Artifacts are uploaded per OS/Python matrix cell, named like:

sparkrules-native-ubuntu-22.04-py3.11, …-py3.12, and Windows/macOS variants.

Glue is Linux x86_64: download an ubuntu-22.04 wheel (*.whl), upload it to S3, pass it as --extra-py-files (or an equivalent --additional-python-modules S3/HTTPS URI supported by your platform). Do not rely on pip install sparkrules-native inside jobs until PyPI publishes succeed.

Runs list: https://github.com/vaquarkhan/sparkrules/actions/workflows/native-wheels.yml

Performance expectations (measured vs aspirational)

With the shipped Tier-1 design (JSON FFI + Rust interpreter over serde_json::Value), benchmarks have reported roughly ~1.1×–1.3× throughput vs LocalRuleExecutor on scalar row workloads — useful, not order-of-magnitude.

Much larger speedups (often quoted as roadmap targets) require architecture work: avoid materializing a full serde_json::Value tree per row (e.g. compiled field indices, direct PyDict extracts, or Arrow/columnar paths).

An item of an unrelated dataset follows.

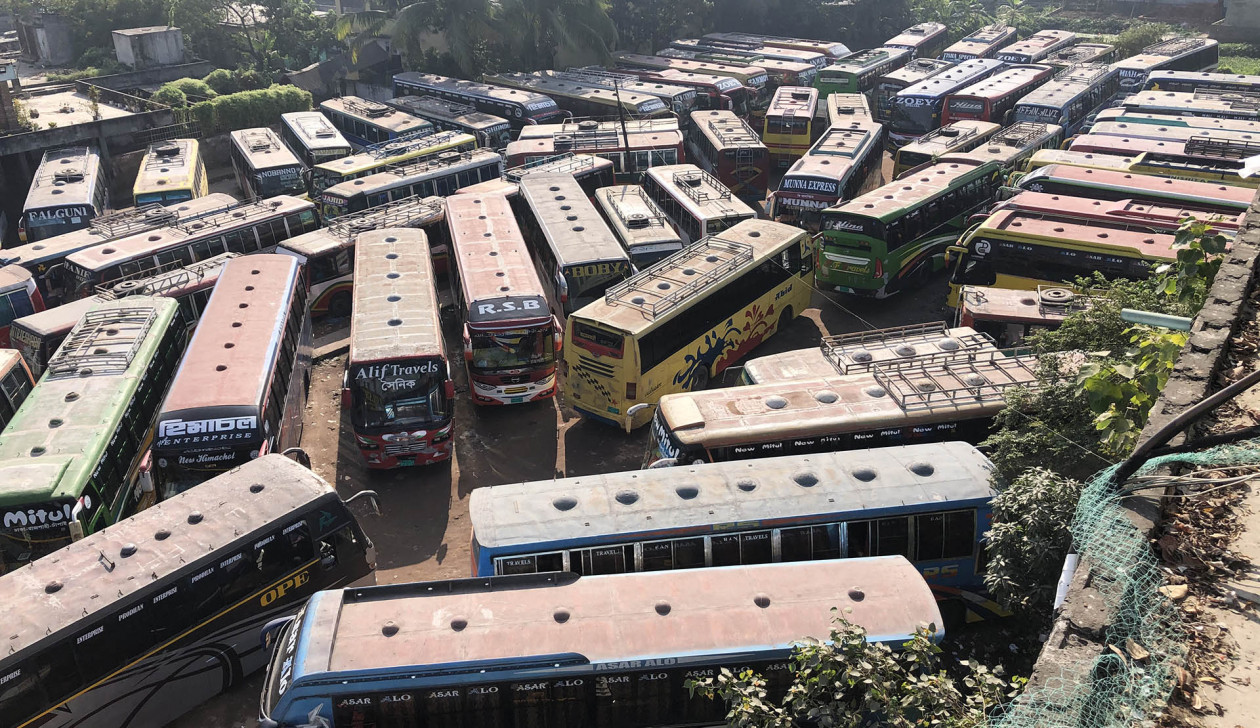 How do bus strikes ahead of BNP rallies affect transport workers?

Those are not what the current wheel implements.

Treat 40×–100× figures as non-goals for the present Tier-1 scalar path, not documented guarantees.

Prerequisites

Platform Requirement
Linux / CI Rust stable, clang/gcc as needed by PyO3; Python 3.11+ headers for maturin develop.
macOS Xcode CLT (xcode-select --install).
Windows Visual Studio Build Tools (Desktop development with C++) so link.exe is on PATH, or the gnu toolchain with MinGW (rustup toolchain install stable-x86_64-pc-windows-gnu) and matching GCC. Plain VS Code is not sufficient.

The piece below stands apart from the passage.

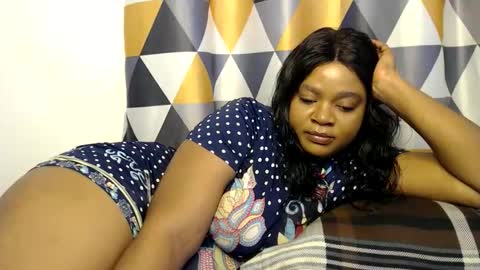 Snapshot of queenofsouls chatting on 11.28.25 . online show from 11.28.25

If cargo build fails with **link.exe not found**, install the MSVC workload above or develop under **WSL2** / use **GitHub Actions** (native-wheels.yml`).

Build the extension

cd sparkrules_native
python -m pip install maturin
maturin develop --release   # editable install → import sparkrules_native
python -c "import sparkrules_native as m; print(m.native_version(), m.rulepack_hash('{\"drl_hash\":\"x\",\"native_schema\":\"1\",\"rules\":[]}'))"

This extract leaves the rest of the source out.